Leave every picture out, then reproduce the rest of the listing exactly.

Dataset extract:

########

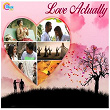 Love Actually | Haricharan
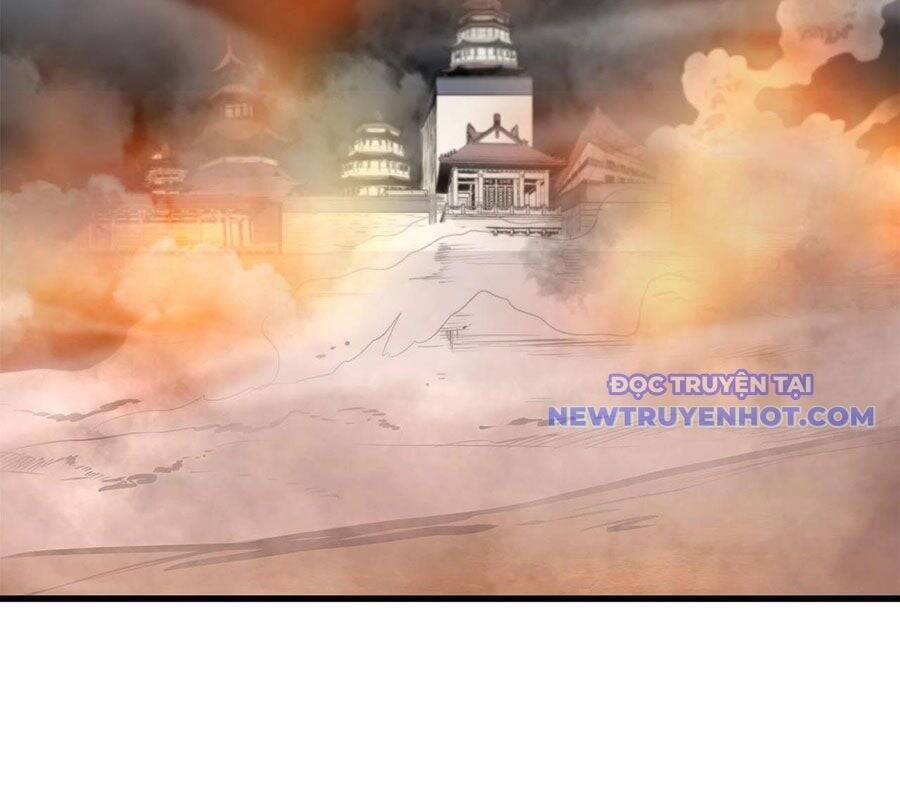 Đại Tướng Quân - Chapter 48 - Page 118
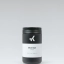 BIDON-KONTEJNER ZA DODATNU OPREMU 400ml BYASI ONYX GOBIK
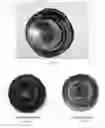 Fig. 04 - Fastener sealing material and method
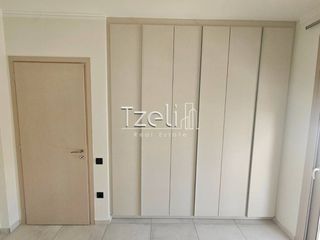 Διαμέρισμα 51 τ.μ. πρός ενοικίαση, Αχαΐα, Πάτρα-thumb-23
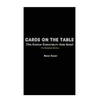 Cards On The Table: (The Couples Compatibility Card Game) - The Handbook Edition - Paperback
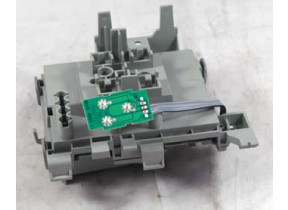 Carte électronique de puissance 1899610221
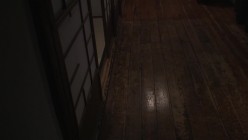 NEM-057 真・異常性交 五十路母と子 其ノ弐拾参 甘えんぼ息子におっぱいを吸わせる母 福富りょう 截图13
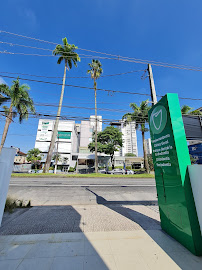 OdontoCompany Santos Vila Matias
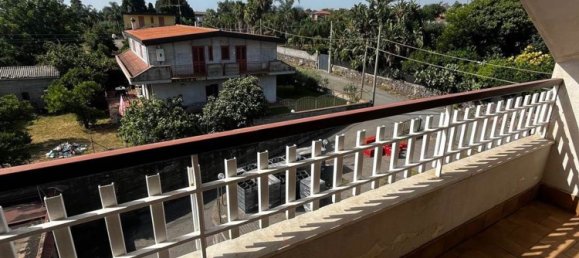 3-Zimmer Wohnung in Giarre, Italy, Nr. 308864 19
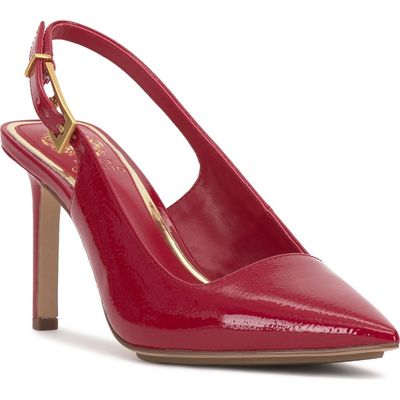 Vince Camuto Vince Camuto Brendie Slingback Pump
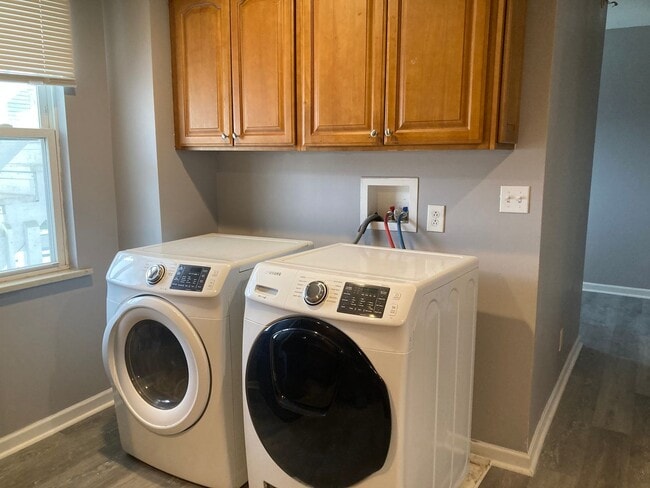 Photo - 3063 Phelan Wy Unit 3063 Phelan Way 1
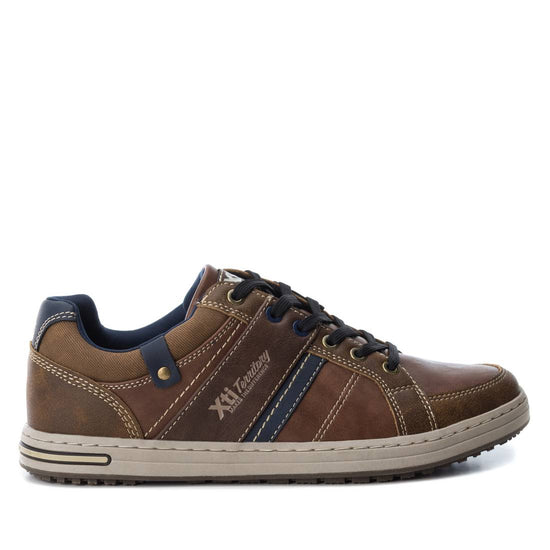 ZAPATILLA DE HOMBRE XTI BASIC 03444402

########

Task answer:
 Love Actually | Haricharan
 Đại Tướng Quân - Chapter 48 - Page 118
 BIDON-KONTEJNER ZA DODATNU OPREMU 400ml BYASI ONYX GOBIK
 Fig. 04 - Fastener sealing material and method
 Διαμέρισμα 51 τ.μ. πρός ενοικίαση, Αχαΐα, Πάτρα-thumb-23
 Cards On The Table: (The Couples Compatibility Card Game) - The Handbook Edition - Paperback
 Carte électronique de puissance 1899610221
 NEM-057 真・異常性交 五十路母と子 其ノ弐拾参 甘えんぼ息子におっぱいを吸わせる母 福富りょう 截图13
 OdontoCompany Santos Vila Matias
 3-Zimmer Wohnung in Giarre, Italy, Nr. 308864 19
 Vince Camuto Vince Camuto Brendie Slingback Pump
 Photo - 3063 Phelan Wy Unit 3063 Phelan Way 1
 ZAPATILLA DE HOMBRE XTI BASIC 03444402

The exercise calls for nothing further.